Sunday, 9 October 2011

I Don’t Want Your Shitty Wine

A modified expression of which I am particularly fond is, you can lead a horse to water but you can’t carry it. All around thieves and bounders are treating us no better than idiots but just you try and kick them off, or warn someone else, all you’ll get for your trouble is an uppity bluster and a what-makes-you-so-goddamn-different neck wind.

Nothing makes me different unless you count not wanting to be misled or ripped off, which I don’t. Many people work awfully hard which makes me sure I’m not the only one that doesn’t want to see the fruits of my labour frittered and wasted in an offhand way. So why do we let it happen? Why do we believe that a half price bottle of wine on a supermarket shelf, for example, was ever meant to be sold at anything other than that price? Most of that shit is terrible and we’re all buying it up like it’s the goddamn nectar of the gods.

Stand on a high street anywhere in the country and look left and right, see the gaudy and frankly insincere statements of value. What’s real and what’s really going on? You have to take some time to look, to see where the value lies, or doesn’t, as the case may be. In a business plan, for example, key personnel are named, those who bring the experience and skills that customers actually buy into. We pay the young lads who occasionally babysit over the going rate, because their mum is a health visitor. In other words we pay a premium for the hotline to the mum, you don’t see her but she’s the point of value to us. Not that her sons aren’t great guys, they’re just young that's all.

I think of the welder who charged me extra to do some work on my car because the bit that needed welding was near the fuel tank, which would have to come out due to the fire risk. After the job I looked under the car and found the mounting bolts, untouched, caked in mud. I confronted him and found he’d packed the area around with wet sand done the welding and charged me the full whack anyway. I can see where the value in the process was, for him, but he lied and overcharged me which was a bum deal and made me really angry.

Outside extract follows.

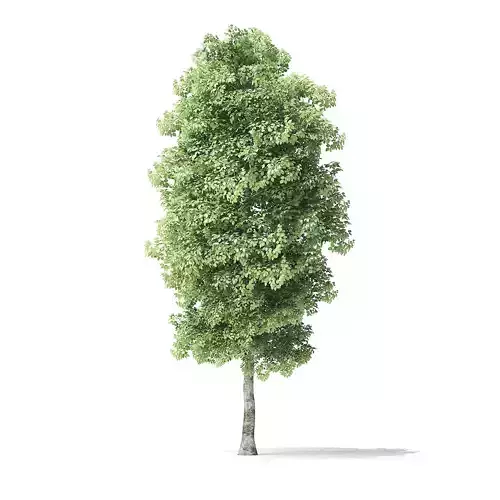 Red Alder Tree 3D Model 6m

I don’t know about you but I’m sick of being everybody else’s meal ticket, especially dickheads like him. I don’t want your shitty wine, your premium clothing brands, cheerless ready meals, overpriced goddamn Peruvian asparagus, rip off telephone tariffs, pointless mass produced gadgets or any other so-called necessities. I want honest stuff that does what it says, has nothing to hide, lasts the distance, can be repaired and doesn’t mess unduly with the environment.

Wine openers, for example, unless you’re unable to physically pull the cork from a bottle, what’s with all the chrome and the levers and the compressed gas and all that? The value in a corkscrew is the screw, it should be sharp and strong but above all thin, so it doesn’t expand the cork in the neck of the bottle, making the job more difficult. It should be circular or oval in section so it doesn’t cut the cork and preferably have a hardwood handle that lasts forever and burnishes with age. A simple tool for a simple job, something you might one day hear someone in your kitchen calling ‘trusty’.

Perhaps ‘trusty’ can be prefixed to things to see if they have what it takes; my trusty Armani jeans – hmm, you see, doesn’t sound right. Your trusty Samsung Galaxy – doesn’t do it for me. A trusty bottle of English wine – oh, don’t make me puke. The Black Bullet on the other hand is a trusty old bike. A good pair of stout boots, recently waxed, are trusty, as is a well maintained set of quality tools.

More than being simply useful, trusty things bring pleasure just from being there, hanging on a hook, waiting to be used. If you’re going to be around this stuff, go for the stuff that makes you feel good as well as being useful, even if you have to save to get it. You'll never regret it.